Even in the curia, there are not a few who have been perplexed: if - as reported by Argentine journalist Elisabetta Piqué, close to the Pope - several cardinals have said that the Pope has been far too good and that he should have acted sooner and more harshly.  And that is by depriving Burke of the rights attached to the cardinalate, as happened to his confrere Giovanni Angelo Becciu. Others put it on a different, more logical level: what if tomorrow a Gregory XVII took away the house and salary of a cardinal who promotes the blessing of homosexual couples in open contrast to his magisterium? 

In short, the risk is that the cardinalate will become a matter of contention on the basis of papal guidelines: a bit like in soccer teams when a new owner wipes the slate clean of coach and managers. If, however, one takes at face value the rationale delivered to Ivereigh, namely the need to punish those who undermine the unity of the Church, it is natural to wonder whether there is not a disproportion between the perennially dialogic attitude with German bishops manifestly disobedient to papal authority and what has been decided on Burke instead. Conservative Americans and progressive Germans "will take into account that if you criticize the pope you earn your dismissal, while apparent doctrinal disobedience deserves only a harsh letter" of reprimand, Ross Douthat wrote in the New York Times. 

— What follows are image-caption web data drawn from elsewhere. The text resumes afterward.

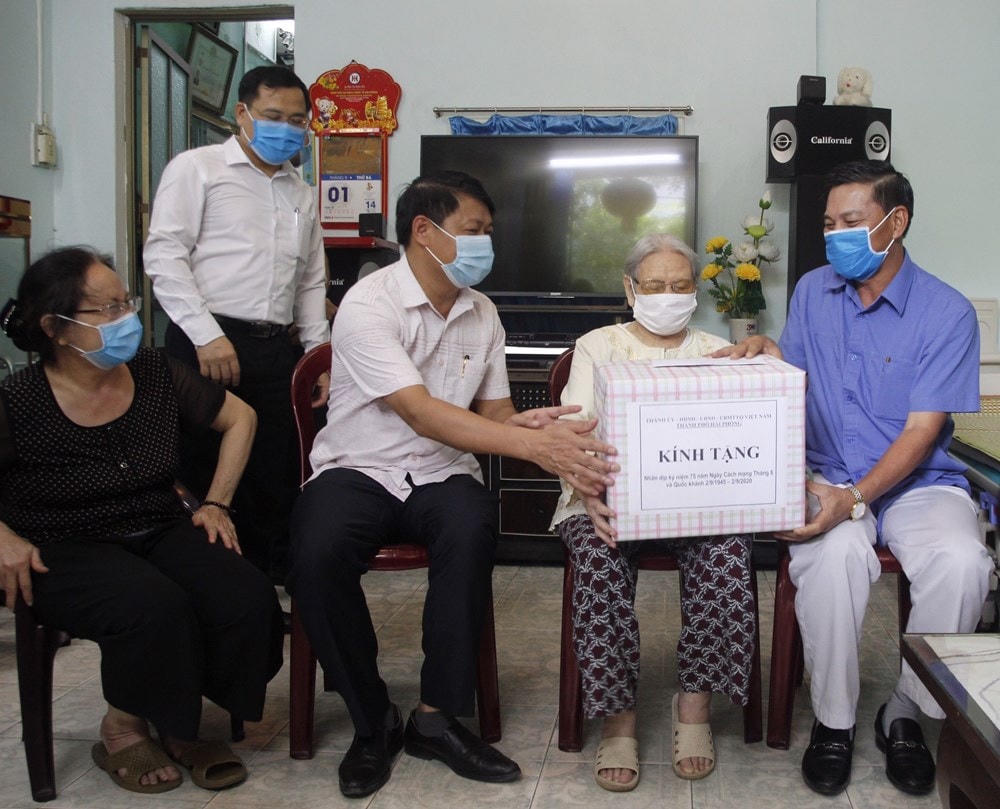 Chủ tịch UBND TP Hải Phòng thăm hộ gia đình có công với cách mạng trên địa bàn quận Kiến An.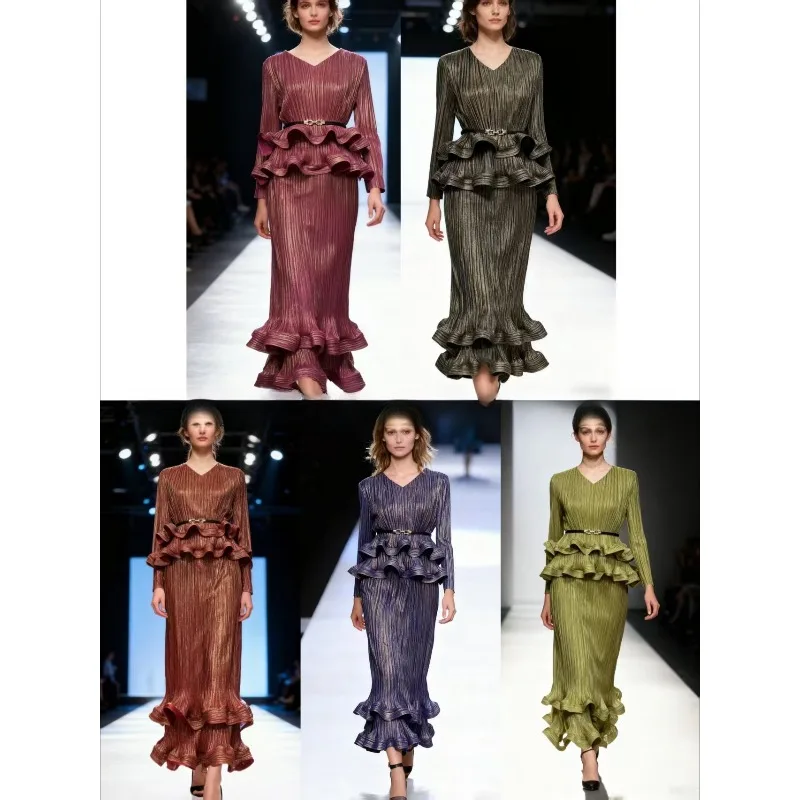 

Miyake Fold 2025 Autumn/Winter New Style Gold Plated V-neck Fashion Two Piece Set with Elegant Temperament Collection Pleats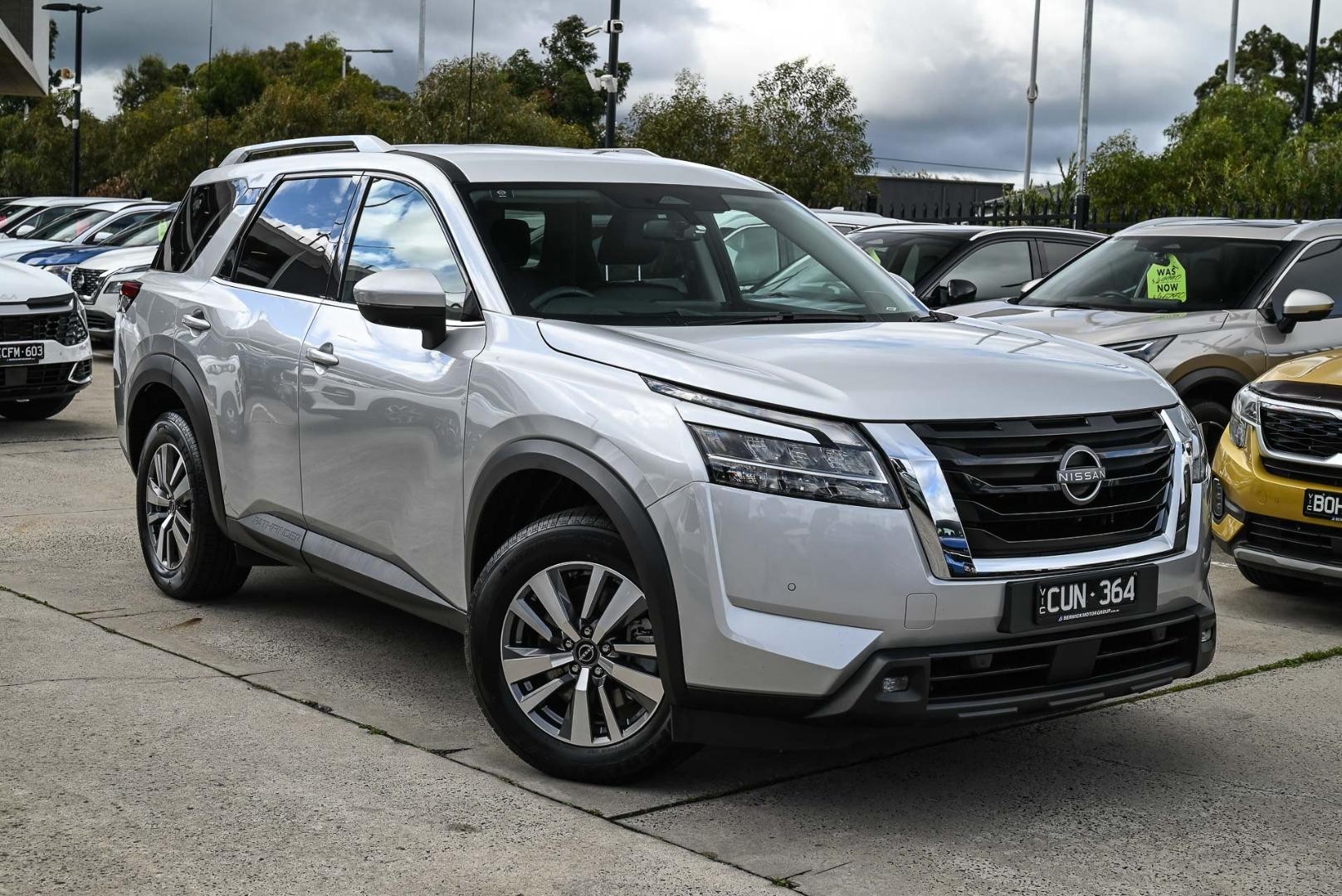 Nissan Pathfinder image 1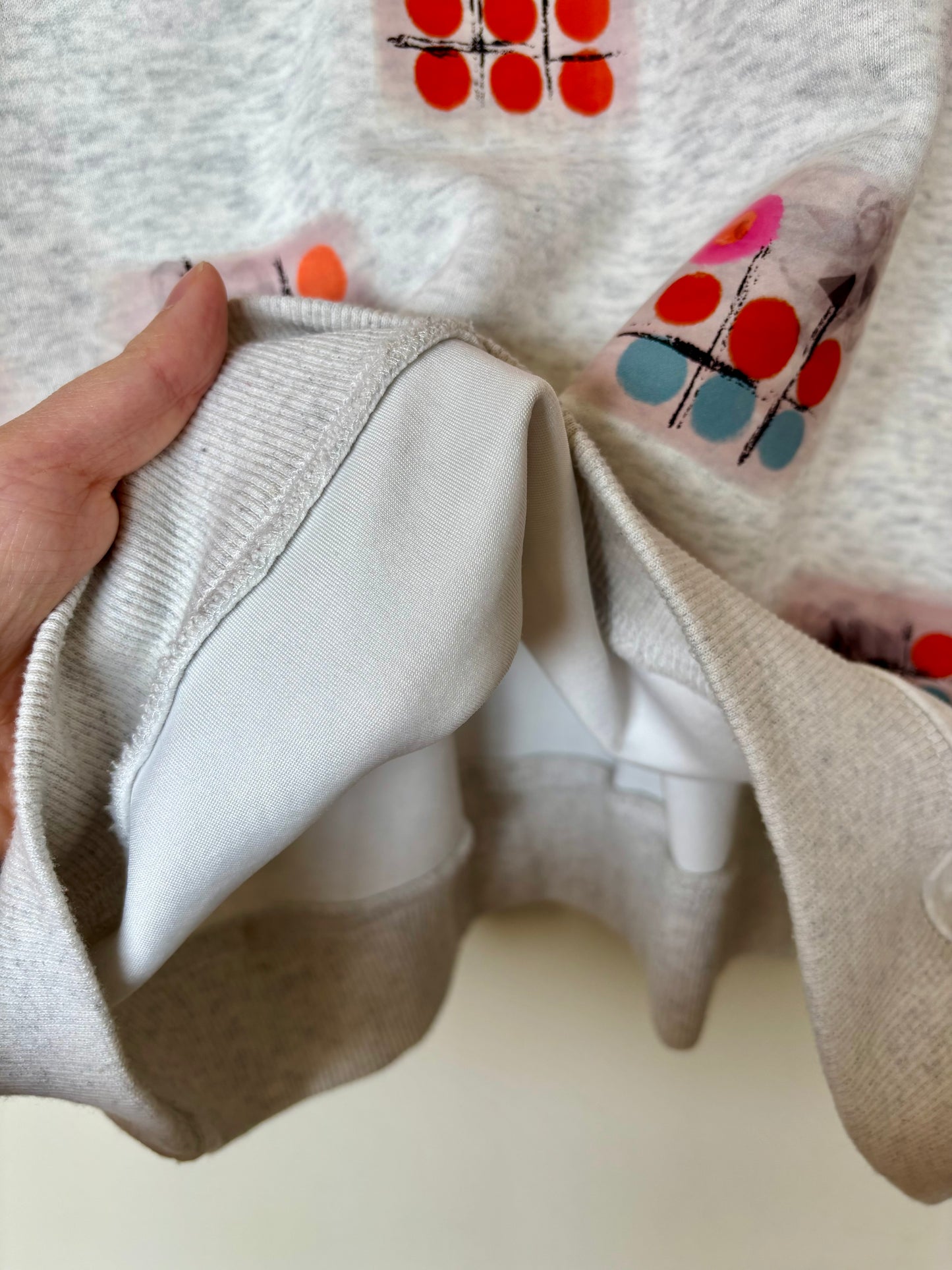 The one-of-a-kind sweatshirt with hand-drawn design Size M
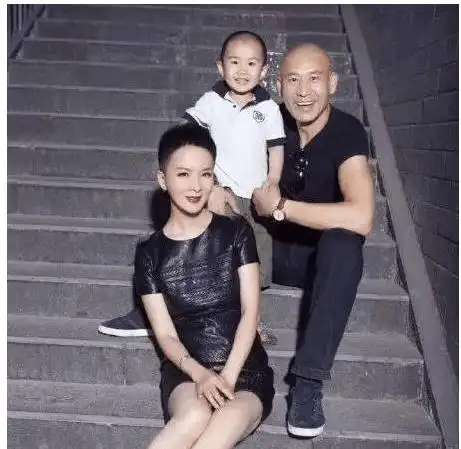 谢兰:因出演大宅门走红,39岁为爱高龄产子,丈夫也是著名演员_父母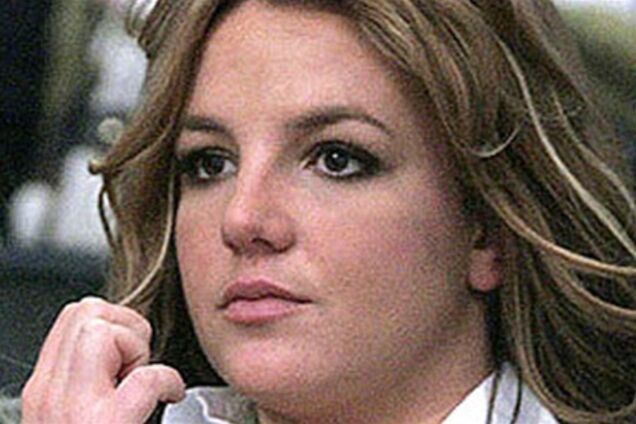 Бритни Спирс не чистит зубы и редко моется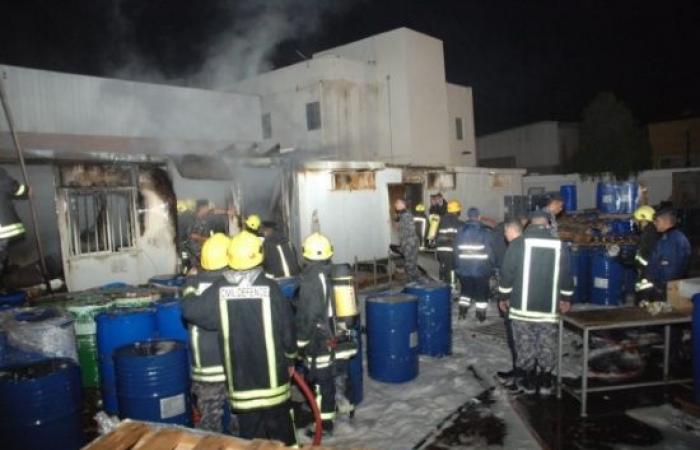 إخماد حريق كرافان تابع لأحد المصانع في اربد- صور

The most likely result will be a further hardening of the fronts on their respective positions. The removed bishops will enjoy a following on social media, write books, speak out everywhere. And the minority will feel persecuted, and moreover by the pope whom someone beyond the Tiber, comparing him to Pius XI, known for his sometimes irascible temper, calls "Rex tremendae maiestatis." These are no longer the days of Cardinal Louis Billot, who "invited" to renounce the dignity of cardinal in 1927, lived the last years of his life as a quiet Jesuit priest in Galloro.